Or faites le calcul. 30 euros par mois payés par 20 millions d’internautes abonnés au haut débit, c’est 7,2 milliards d’euros de collectés par an. Pour compenser 1,2 milliards d’euros, c’est 5 euros par mois qu’il faudrait prélever. Zéro pointé en maths.
« A partir du moment où vous avez tout gratos vous n’allez plus payer« , dit-il pour justifier la volonté de compenser intégralement le chiffre d’affaires de toute l’industrie du disque, s’il y avait une taxe. Or c’est oublier que de fait, tout est déjà gratuit aujourd’hui grâce ou à cause du piratage, et que malgré tout beaucoup de consommateurs payent encore de la musique. Beaucoup recherchent encore aujourd’hui plus qu’un simple fichier MP3, mais veulent posséder l’objet ou bénéficier d’un service à valeur ajoutée qu’ils sont prêts à payer. Ca n’est pas parce que l’on peut cuisiner chez soi un steak-frites à moindre frais que l’on ne va pas au restaurant du coin commander une entrecôte saignante. Zéro pointé en économie.

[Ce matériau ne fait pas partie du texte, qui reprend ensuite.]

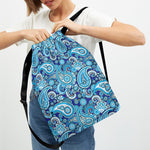 Blue Paisley Pattern Print Drawstring Backpack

Enfin, sur les plateformes légales, « si vous téléchargez un jeune artiste une seule fois, ça sera noté et il sera payé« , assure Pascal Nègre. « Alors que dans le cas de la licence globale, ça va être des sondages, et toutes les petites ventes, elles vont rien toucher (…) c’est pour ça que je suis contre la licence globale« , conclut-il.
L’argument peut paraître convaincant au quidam. Sauf que dans le cas de la plateforme légale, l’artiste est rémunéré par la maison de disques selon les termes d’un contrat de production qui prévoit le plus souvent que les sommes perçues sont retenues par le label jusqu’au remboursement intégral de la production du disque. Ce qui, le plus souvent, conduit l’artiste à ne rien toucher du tout (voir à ce sujet notre article sur la Poule de Sébasto). Dans le cas de la copie privée ou de son extension par la licence globale, l’artiste toucherait 25 % des sommes collectées, par l’intermédiaire de sa société de gestion collective, en contournant ainsi l’accord signé avec sa maison de disques.
Et surtout, sans licence globale, l’artiste qui veut avoir une chance de percer sur les « plateformes légales » est obligé de signer un contrat avec une maison de disques, qui garde le contrôle sur la distribution. Avec la licence globale, la maison de disques perd une part considérable de son poids.